Lately I have been reading so many environmental blogs that I just can't keep up with what I should and shouldn't be doing. On the one hand, we've managed to reduce quite a lot of things around our house (water use, electricity use, natural gas consumption, household waste,) but we're really quite poor at other things, like using diesel and gas to get ourselves around. And there's a few things we are just starting to do, like using our own reusable bags for groceries, and things we've been doing for a fair while, like composting and recycling. But the more I read, the more I realize how far short we are of what is really sustainable.
For instance, the people at Causobon's Book and Simple Living point out the necessity of reducing our carbon emissions by 90% of that of an average North American. And they are doing as much as they can to meet that target. And here I am thinking, somewhat self-righteously, that Gord and I are doing so many good things for the environment when we are not even in-the-ballpark close!
Just now I threw away the detritus of my fast-food supper - a cardboard-box pasta entree and a juice box. I could bring the juice box home to recycle, but I didn't. I could make something else to bring for supper that doesn't come in throw-away packaging, but I didn't.
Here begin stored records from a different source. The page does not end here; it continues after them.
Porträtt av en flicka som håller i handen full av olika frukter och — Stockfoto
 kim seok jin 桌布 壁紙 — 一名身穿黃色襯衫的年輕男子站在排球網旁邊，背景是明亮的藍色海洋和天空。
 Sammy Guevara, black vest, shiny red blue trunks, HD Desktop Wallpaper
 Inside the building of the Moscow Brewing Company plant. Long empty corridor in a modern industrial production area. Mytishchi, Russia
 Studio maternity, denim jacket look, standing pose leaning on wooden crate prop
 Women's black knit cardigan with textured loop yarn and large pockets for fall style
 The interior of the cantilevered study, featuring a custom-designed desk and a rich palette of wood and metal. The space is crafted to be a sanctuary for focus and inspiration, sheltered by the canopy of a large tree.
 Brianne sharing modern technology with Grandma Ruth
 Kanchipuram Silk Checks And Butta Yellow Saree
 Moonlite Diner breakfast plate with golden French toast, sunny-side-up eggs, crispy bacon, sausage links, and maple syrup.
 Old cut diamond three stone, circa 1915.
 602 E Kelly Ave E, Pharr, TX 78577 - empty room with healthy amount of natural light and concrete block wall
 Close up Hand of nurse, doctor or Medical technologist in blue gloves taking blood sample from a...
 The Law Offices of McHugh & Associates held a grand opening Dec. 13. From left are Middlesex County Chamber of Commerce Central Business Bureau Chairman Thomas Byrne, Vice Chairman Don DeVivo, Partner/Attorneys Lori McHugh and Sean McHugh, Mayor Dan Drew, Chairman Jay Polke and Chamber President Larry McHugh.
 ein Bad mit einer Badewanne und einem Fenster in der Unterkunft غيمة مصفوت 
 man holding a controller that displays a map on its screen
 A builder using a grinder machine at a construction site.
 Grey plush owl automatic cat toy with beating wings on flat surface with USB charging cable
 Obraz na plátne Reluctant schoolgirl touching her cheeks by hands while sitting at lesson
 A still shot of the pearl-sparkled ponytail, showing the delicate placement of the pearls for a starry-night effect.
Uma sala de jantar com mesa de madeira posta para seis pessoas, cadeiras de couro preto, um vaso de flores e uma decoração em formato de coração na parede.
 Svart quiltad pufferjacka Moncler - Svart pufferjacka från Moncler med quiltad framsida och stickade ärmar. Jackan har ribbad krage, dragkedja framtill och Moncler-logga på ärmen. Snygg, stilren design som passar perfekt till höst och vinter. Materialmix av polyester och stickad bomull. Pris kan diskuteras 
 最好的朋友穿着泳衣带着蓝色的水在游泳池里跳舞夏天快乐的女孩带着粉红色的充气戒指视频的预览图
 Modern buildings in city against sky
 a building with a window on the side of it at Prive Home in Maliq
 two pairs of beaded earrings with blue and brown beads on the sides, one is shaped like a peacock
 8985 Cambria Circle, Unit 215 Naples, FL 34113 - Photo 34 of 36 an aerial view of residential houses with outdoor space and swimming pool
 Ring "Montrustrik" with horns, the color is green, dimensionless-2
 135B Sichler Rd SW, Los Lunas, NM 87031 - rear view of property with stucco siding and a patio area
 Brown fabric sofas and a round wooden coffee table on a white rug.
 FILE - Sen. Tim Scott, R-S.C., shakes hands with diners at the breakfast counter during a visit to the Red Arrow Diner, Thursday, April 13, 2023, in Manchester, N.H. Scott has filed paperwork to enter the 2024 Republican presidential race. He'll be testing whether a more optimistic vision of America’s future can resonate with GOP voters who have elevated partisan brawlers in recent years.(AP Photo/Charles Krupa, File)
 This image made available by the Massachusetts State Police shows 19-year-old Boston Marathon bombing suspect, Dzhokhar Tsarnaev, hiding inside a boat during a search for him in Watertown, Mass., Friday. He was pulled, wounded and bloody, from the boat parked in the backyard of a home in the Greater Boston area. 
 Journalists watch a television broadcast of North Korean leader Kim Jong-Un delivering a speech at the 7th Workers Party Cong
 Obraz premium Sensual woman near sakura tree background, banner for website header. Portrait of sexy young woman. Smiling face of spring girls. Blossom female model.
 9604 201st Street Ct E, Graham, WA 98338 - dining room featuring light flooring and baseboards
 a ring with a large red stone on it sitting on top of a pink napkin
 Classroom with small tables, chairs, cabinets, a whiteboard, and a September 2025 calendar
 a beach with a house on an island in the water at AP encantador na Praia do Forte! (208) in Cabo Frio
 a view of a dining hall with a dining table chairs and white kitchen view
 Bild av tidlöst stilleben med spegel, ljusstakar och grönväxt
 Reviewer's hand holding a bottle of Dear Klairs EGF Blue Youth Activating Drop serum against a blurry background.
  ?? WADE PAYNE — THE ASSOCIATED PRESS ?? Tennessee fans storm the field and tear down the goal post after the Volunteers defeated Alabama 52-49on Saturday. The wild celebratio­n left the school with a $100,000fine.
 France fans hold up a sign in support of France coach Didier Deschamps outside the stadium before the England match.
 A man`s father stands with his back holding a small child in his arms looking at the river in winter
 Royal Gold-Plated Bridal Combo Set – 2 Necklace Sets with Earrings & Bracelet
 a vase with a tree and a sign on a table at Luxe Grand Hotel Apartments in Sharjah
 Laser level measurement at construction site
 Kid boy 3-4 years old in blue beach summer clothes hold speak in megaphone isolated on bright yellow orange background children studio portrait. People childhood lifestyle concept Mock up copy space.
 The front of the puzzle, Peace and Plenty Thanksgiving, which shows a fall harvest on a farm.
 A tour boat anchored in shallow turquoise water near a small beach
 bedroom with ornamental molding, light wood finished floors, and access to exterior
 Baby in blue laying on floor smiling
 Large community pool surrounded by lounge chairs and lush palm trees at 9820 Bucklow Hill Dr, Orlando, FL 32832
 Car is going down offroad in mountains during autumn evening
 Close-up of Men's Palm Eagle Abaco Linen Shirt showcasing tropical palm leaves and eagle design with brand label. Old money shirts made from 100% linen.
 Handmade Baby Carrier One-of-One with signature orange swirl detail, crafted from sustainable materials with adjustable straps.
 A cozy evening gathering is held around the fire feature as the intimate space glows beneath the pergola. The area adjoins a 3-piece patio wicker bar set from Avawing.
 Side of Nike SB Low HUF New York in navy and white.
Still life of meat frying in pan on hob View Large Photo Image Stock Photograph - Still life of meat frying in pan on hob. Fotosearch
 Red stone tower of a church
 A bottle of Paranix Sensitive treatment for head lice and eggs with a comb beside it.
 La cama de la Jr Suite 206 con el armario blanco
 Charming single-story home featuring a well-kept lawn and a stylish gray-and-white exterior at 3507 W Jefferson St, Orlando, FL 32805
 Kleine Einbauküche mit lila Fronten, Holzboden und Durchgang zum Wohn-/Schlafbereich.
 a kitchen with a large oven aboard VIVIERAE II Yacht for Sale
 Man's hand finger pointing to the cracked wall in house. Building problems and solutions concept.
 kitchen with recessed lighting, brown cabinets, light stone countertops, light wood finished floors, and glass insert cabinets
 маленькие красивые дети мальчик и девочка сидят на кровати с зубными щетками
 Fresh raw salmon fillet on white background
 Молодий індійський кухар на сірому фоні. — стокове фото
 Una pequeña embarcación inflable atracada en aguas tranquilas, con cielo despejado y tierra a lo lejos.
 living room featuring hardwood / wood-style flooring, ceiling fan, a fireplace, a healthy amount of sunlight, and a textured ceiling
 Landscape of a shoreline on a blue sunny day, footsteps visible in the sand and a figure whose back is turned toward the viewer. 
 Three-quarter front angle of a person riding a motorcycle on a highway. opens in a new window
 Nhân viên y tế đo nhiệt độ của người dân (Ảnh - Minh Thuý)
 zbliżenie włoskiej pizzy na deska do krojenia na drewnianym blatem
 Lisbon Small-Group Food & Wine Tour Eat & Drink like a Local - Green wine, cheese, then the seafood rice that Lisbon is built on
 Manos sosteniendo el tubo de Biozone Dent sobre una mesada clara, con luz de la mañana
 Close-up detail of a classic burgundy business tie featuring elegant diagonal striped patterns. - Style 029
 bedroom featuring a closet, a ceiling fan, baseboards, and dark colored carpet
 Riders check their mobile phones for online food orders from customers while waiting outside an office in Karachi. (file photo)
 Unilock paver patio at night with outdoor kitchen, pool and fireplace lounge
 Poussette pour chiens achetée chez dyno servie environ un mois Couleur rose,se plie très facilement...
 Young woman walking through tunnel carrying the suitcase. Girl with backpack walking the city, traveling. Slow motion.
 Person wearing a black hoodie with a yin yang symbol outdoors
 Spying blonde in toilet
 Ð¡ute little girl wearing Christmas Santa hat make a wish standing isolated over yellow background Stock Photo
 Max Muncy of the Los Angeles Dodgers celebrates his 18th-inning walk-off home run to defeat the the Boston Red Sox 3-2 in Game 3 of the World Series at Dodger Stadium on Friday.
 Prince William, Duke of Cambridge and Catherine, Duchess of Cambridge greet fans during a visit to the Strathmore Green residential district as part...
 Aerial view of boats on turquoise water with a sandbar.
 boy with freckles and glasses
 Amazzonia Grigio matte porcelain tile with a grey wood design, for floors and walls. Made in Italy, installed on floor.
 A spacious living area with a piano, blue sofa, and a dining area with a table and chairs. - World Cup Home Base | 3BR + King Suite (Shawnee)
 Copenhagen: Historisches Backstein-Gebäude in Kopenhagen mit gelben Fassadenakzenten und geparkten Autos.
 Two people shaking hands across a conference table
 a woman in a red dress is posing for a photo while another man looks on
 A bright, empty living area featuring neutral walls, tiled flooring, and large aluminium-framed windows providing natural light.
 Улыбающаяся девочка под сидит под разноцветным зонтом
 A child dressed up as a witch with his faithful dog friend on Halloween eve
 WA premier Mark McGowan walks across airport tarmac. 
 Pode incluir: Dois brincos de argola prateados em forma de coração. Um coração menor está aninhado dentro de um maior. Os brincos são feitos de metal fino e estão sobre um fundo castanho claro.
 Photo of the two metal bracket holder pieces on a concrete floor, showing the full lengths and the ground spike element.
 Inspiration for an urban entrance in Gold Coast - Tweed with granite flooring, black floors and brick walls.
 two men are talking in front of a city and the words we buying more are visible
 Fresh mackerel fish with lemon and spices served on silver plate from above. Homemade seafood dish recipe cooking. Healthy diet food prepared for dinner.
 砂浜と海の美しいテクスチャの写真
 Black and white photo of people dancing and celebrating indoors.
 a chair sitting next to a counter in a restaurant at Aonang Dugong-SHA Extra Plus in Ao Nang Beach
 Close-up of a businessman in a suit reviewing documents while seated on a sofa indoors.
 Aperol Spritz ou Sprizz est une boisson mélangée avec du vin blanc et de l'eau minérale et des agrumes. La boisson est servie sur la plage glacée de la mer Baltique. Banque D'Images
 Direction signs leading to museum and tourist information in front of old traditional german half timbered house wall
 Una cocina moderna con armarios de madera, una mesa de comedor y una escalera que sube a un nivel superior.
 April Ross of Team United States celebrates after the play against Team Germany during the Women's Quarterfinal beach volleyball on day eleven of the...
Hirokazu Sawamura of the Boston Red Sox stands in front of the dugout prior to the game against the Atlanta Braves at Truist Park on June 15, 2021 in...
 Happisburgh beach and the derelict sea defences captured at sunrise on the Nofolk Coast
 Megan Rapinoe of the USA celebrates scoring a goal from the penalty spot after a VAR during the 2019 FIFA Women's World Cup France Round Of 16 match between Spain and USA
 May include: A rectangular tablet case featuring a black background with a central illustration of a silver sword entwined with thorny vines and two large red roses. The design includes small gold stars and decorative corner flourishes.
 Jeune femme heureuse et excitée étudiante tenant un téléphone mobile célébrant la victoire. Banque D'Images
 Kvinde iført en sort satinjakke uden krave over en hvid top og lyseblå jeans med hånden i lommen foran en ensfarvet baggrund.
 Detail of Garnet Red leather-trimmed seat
And then I read at the Little Blog in the Big Woods, that all the climate change info we're being told about now is a conservative, really conservative, estimate of how bad things are going to get and how quickly we're going to get there. How did it come to this for humanity? How have we screwed things up in such a huge way for so long that the luxury for so few comes at the price of slavery and oppression for so many? And how do I accept that I'm one of the privileged few and that it is my responsibility to stop consuming so rampantly, even though it's what I've been used to my whole life.
Time to read some more of the Tao Te Ching, I think.